Books

Does it exist?

Lorcan 2 min read

abebooks.co.uk has an advert in the current London Review of Books. It suggests that ‘if you can’t find it here, it doesn’t exist’ and reports that it has ’80 million new, secondhand, rare and out-of-print books’. And here is a note from (both the UK and US) website:

With over 80 million new, used, rare and out-of-print books for sale from 13,500 booksellers, Abebooks.com has the world’s largest selection. So if you can’t find a book on our site, it probably doesn’t exist. [Abebooks: The Not-Book Campaign]

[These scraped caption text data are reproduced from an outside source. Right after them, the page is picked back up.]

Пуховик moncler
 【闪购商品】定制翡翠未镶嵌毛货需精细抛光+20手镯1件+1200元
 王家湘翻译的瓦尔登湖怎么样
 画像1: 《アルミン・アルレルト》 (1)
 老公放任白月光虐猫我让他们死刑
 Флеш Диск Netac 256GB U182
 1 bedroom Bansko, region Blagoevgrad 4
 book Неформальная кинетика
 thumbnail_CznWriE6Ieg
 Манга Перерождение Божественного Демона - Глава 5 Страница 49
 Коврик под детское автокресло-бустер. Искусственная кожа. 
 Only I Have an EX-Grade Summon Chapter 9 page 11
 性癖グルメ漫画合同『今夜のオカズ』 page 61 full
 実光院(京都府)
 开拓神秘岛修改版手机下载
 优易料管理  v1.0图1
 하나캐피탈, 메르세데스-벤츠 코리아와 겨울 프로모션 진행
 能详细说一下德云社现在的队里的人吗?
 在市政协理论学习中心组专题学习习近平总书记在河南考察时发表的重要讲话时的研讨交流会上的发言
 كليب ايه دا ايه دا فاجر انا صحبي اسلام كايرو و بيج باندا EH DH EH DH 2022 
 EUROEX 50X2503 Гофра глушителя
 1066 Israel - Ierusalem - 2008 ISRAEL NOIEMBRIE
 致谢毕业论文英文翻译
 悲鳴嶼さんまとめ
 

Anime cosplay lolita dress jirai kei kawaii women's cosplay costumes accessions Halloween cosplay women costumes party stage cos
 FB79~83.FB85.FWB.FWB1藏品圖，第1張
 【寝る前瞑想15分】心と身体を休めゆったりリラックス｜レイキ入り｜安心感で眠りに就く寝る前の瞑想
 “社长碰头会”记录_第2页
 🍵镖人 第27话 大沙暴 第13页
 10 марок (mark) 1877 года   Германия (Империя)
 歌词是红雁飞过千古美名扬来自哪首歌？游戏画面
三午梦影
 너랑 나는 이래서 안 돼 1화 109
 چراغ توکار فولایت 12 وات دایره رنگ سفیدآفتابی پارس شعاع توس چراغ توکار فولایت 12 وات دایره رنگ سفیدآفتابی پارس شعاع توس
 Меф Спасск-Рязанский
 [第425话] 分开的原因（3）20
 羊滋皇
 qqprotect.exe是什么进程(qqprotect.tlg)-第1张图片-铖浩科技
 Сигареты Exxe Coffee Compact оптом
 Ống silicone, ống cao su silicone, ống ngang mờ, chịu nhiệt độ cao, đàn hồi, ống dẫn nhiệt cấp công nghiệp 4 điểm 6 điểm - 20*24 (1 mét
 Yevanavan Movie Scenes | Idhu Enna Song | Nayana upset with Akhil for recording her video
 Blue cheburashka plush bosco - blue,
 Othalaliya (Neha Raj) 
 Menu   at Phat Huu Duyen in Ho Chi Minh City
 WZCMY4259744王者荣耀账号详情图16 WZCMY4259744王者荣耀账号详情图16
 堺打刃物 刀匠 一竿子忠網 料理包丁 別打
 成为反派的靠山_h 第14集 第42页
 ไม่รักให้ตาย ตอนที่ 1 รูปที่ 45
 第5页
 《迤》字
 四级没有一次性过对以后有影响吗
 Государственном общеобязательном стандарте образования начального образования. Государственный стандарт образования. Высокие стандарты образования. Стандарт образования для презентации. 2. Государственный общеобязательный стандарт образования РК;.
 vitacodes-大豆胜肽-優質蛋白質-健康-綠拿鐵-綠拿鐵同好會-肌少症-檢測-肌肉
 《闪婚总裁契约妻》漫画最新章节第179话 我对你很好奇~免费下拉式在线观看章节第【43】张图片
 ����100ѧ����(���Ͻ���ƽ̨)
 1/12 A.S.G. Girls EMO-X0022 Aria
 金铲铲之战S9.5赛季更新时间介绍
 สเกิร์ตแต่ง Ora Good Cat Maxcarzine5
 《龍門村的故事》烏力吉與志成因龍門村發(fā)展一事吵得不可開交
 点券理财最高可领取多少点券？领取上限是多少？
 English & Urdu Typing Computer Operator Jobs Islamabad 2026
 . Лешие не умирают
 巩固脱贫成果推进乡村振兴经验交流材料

An interesting claim, and I was curious to test it.
I picked the first ‘non-mainstream’ volume that was on an adjacent shelf.
Spoken English in Ireland 1600-1740: twenty-seven representative texts assembled and analysed by Alan Bliss.
Yep, impressive – they currently have two, one in Ohio no less! Moving further afield, I assembled a small pile of items:
What about Preparing documents with UNIX?
Hey! A whole bunch of them ….
Pascal: user manual and report , by Jensen and Wirth (I have a 1978 corrected printing of the Second edition)
Another whole bunch! And I appear to be able to track down the particular one I have.
What about some more library oriented stuff?
The architect of the much discussed British Library building at St Pancras, Colin St John Wilson, has published several books including The other tradition of modern architecture: the unfinished project.
Ooops .. the first failure. An ISBN search reveals nothing. An author search reveals several works by St John Wilson in multiple copies, but not this one.
Closer to home? Here is a report prepared by Ann Lennon, my wife, and David Pearson some years ago, and published by the British Library.
Rare book cataloguing in the British Isles : results of a survey carried out on behalf of the rare books group of the Library Association.
Nope, not there. Other works by David Pearson are available.
And finally, what about that seminal record of European union catalogue organizations Library bibliographic networks in Europe : a LIBER directory, so wildly popular that it ran to an updated second edition?
Surely some mistake? No copies available …
I liked using abebooks. I liked seeing that there were all these books in all these places. I did wonder why they didn’t try to do more clustering of results, FRBR-style work clusters or others.
And it reminds me of this interesting news: abebooks has taken a stake in the very nice Library Thing.
Update: as I was typing in the words from the London Review of Books, I paused over ‘secondhand’ thinking that if this were a US publication this word would not be used. And indeed, I notice that ‘used’ is used in the US version on the website (quoted above). Well done abebooks. Their sensitivity does not extend to the UK website, however, where ‘used’ appears, not ‘secondhand’.